RecoverPoint implements continuous data protection with synchronous and asynchronous replication, write-order fidelity, and splitters that ensure crash-consistent replication for applications like Oracle Database, Microsoft SQL Server, SAP HANA, and MongoDB. Consistency groups allow multi-LUN, multi-VM protection for three-tier applications used in organizations like Goldman Sachs and Deutsche Bank. Features include journaling for point-in-time recovery, copy-based replication for seeding protection to Amazon S3 or Azure Blob Storage, and integration with snapshot mechanisms on arrays from NetApp ONTAP and EMC VNX. RecoverPoint supports testing, non-disruptive recovery testing for DevOps and continuous integration pipelines used in environments managed by teams at companies such as Spotify and Netflix.
Management is performed via RecoverPoint Manager, a GUI, CLI, and RESTful APIs that integrate with monitoring systems such as Nagios, Splunk, SolarWinds, and Dynatrace. Role-based access control ties into identity providers like Microsoft Active Directory and Okta. Audit trails and reporting help satisfy oversight from regulators including Financial Conduct Authority and Securities and Exchange Commission. Integration with orchestration and automation platforms such as VMware Site Recovery Manager, Veeam Backup & Replication, and Commvault Complete Backup & Recovery facilitates coordinated failover and failback testing.
Common use cases include disaster recovery for banking infrastructures at firms like JPMorgan Chase, remote site protection for retailers such as Target, primary-to-secondary replication for healthcare providers under rules like HIPAA, and cloud migration strategies involving AWS and Azure. RecoverPoint integrates with database clustering technologies including Oracle RAC, Microsoft SQL Always On, and middleware platforms like VMware Tanzu and Red Hat OpenShift for stateful application protection. Service providers including IBM Cloud and Rackspace have referenced architectures that use enterprise replication to provide managed continuity services.

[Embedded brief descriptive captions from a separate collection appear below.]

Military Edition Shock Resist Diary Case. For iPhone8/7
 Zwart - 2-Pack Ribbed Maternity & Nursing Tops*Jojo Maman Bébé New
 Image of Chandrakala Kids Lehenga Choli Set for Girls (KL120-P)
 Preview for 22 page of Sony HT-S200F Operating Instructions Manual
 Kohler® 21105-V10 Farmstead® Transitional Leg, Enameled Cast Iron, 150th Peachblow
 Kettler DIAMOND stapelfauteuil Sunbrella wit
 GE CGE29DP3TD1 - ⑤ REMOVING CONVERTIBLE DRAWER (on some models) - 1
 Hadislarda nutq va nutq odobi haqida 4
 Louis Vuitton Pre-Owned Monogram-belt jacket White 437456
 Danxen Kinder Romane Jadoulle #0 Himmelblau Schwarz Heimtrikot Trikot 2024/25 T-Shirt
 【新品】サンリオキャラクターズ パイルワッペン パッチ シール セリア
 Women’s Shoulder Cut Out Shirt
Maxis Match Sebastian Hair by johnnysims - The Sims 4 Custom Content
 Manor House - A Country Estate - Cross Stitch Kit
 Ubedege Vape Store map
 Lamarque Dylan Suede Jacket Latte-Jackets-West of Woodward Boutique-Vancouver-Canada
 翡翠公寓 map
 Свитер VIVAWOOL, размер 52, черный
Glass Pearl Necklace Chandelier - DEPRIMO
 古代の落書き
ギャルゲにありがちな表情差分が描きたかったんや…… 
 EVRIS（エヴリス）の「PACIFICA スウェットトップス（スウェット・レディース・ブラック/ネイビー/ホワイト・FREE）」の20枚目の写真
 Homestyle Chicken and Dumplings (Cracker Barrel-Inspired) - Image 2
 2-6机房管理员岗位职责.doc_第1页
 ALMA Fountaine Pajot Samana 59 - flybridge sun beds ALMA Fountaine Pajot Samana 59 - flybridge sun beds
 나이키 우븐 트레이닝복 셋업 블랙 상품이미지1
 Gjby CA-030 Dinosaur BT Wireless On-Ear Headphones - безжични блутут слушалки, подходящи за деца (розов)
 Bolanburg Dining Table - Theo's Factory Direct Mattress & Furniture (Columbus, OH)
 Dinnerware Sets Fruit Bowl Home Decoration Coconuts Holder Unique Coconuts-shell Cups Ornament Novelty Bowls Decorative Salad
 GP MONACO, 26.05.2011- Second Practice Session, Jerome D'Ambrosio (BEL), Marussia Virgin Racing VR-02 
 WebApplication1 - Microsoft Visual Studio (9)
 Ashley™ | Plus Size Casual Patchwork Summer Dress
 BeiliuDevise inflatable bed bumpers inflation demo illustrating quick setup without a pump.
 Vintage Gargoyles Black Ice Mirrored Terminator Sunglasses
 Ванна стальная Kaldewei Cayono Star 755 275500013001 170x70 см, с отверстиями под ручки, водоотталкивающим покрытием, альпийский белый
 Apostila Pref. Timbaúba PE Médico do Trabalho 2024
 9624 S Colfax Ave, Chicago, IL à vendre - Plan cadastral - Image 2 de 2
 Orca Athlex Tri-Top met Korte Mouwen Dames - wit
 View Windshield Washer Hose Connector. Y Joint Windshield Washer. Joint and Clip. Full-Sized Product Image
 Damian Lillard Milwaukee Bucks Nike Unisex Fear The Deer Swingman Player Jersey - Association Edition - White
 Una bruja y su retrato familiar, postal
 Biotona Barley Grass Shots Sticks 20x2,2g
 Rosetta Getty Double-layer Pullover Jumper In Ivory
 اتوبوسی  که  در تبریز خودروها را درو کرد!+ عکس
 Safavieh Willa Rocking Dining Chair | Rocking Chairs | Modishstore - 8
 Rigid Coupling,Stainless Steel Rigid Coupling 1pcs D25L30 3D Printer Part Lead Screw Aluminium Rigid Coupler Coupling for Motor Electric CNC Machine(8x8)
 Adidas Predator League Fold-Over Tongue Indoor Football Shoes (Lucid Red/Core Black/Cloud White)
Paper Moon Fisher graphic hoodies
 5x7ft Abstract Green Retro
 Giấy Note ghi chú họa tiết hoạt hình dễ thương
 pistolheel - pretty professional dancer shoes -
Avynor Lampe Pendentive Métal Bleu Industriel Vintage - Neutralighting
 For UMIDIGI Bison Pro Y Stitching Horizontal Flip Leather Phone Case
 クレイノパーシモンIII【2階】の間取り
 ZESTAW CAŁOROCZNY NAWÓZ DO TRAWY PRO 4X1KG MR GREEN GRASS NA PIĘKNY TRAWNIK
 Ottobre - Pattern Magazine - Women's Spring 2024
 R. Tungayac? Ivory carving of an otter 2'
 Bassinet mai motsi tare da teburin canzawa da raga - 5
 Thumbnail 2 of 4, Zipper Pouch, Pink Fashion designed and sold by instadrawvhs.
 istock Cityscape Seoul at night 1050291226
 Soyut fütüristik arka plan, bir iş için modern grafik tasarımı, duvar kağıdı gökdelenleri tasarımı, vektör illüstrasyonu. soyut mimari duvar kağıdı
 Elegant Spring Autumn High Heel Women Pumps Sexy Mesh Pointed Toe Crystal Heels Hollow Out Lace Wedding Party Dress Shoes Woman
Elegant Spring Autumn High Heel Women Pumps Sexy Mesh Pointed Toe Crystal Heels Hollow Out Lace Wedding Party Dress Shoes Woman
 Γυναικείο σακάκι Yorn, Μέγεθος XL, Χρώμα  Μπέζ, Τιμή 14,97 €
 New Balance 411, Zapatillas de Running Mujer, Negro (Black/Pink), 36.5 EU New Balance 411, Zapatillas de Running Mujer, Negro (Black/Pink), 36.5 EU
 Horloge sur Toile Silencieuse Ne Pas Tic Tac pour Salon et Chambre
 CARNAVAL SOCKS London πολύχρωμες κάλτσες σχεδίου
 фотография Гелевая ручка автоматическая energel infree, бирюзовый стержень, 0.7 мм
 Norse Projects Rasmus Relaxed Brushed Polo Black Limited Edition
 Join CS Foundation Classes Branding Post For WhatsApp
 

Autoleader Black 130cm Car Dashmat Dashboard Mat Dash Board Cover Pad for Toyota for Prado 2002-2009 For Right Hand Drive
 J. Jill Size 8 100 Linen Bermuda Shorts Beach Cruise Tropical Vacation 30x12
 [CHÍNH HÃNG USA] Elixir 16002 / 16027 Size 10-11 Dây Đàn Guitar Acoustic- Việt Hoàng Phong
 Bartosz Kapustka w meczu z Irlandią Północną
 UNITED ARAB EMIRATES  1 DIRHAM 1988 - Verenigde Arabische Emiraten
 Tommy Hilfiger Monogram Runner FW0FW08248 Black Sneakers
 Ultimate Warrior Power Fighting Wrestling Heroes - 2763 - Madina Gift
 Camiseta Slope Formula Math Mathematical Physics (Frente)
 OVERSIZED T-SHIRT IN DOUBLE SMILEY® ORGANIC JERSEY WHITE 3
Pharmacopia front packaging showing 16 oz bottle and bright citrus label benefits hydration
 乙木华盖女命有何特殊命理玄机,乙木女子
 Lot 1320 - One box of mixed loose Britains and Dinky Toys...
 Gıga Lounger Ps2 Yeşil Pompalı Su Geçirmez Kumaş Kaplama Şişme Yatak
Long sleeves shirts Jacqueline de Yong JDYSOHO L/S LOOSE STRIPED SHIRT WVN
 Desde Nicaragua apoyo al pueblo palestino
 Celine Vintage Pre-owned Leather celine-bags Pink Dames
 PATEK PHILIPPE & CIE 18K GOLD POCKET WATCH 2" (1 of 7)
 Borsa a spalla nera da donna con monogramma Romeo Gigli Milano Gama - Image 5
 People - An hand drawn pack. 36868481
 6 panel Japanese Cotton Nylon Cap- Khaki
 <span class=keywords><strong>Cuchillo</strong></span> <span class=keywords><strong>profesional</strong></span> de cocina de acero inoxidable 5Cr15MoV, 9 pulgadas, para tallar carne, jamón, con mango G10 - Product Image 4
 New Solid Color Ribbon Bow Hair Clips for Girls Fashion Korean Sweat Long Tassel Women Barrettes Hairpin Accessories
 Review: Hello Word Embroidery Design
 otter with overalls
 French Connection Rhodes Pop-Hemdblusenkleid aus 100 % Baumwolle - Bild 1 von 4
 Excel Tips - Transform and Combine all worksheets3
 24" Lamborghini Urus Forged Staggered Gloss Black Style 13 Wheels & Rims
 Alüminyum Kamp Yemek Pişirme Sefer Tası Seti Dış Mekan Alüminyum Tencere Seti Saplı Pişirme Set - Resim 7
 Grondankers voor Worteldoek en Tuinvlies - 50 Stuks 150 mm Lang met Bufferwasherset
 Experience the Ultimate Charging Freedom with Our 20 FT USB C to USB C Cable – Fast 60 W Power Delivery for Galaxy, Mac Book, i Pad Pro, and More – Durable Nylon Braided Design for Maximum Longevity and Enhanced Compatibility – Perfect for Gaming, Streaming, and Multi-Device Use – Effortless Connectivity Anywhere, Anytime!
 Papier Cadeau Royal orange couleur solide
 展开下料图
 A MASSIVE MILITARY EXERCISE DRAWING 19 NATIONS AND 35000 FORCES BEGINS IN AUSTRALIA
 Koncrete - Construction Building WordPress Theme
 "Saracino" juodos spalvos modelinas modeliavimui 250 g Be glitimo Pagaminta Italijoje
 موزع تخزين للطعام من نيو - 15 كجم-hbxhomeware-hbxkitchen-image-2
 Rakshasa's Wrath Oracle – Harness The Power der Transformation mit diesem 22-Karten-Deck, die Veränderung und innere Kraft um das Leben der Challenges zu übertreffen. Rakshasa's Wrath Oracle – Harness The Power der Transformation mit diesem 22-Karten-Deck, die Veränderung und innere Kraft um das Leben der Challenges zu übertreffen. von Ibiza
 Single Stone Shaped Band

Limitations involve complexity in multi-vendor SAN environments that include switches from Cisco, Brocade, and Juniper Networks, and dependencies on array-specific splitters which can affect upgrade windows and interoperability with storage arrays like NetApp EF-Series or HPE Nimble Storage. Performance considerations include journal sizing, RPO planning, bandwidth provisioning often coordinated with carriers such as AT&T Business, Verizon Business, and NTT Communications', and latency impacts on synchronous replication across metro distances. Testing with workload generators from vendors like Iometer and LoadRunner helps quantify impact on OLTP systems such as SAP ERP and Oracle E-Business Suite. Licensing and support models follow Dell EMC’s product lifecycle and enterprise support plans used by global organizations like Siemens and Toyota Motor Corporation.